Antenna matching networks can greatly improve or degrade bandwidth, depending on how they are designed. A T-matching network has more parts and is more expensive, however, it allows for optimum control over the R and jX phasing. This becomes much more difficult with directional antenna where phase considerations are a part of the station’s antenna field pattern development.
Phasors present the biggest challenge, particularly in the power divider sections. A tank circuit power divider is the worst choice, and a shunt circuit power divider is the best bandwidth choice, however, it is the hardest to conceptualize.
Obviously, the more complicated the antenna system, the harder it will be to keep the bandwidth open over 20 kHz of spectrum. This is especially true on lower-frequency AM signals, where the bandwidth is a much larger percentage of the frequency. Multiple patterns, multiple tower DAs are a nightmare.
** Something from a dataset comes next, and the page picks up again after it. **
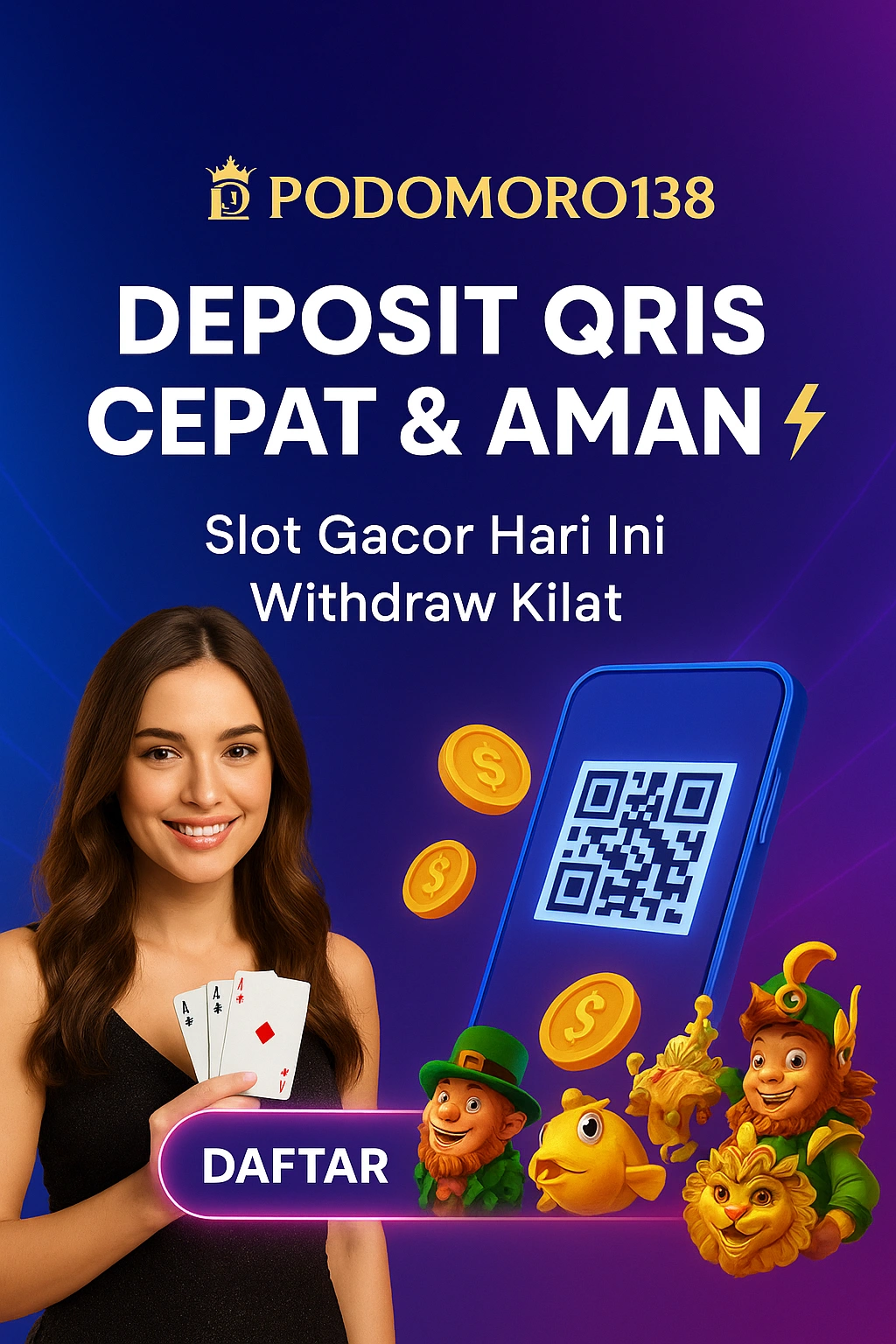 Podomoro138: Situs Slot Gacor Terpercaya 2025 | Mudah Jackpot & Resmi Indonesia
Single-tower non-directional stations are the easiest to modify.
As far as the circuit itself, higher Q circuits have smaller bandwidths. Simply stated, in an alternating current circuit, Q=X/R. The better the reduction of X, which also has a lot to do with the relationship of the current and voltage phasing, the better the Q will be. This is why a T network is the best design for an ATU. With a 90° or 180° tower, this is relatively straightforward. In towers that are shorter or taller than that, it becomes more difficult as the value of R becomes less friendly.
In most cases, some sort of L/C network can be deployed to decrease the Q of an antenna system at the base of the tower. Directional stations also need to have the phasing equipment looked at, because, as noted above, certain designs can create bandwidth bottlenecks. All in all, it is usually an expensive proposition for a multi-tower directional station to broadband its antenna system. This is another reason why IBOC on AM is destined to fail, many AM towers cannot pass the extended sidebands adequately.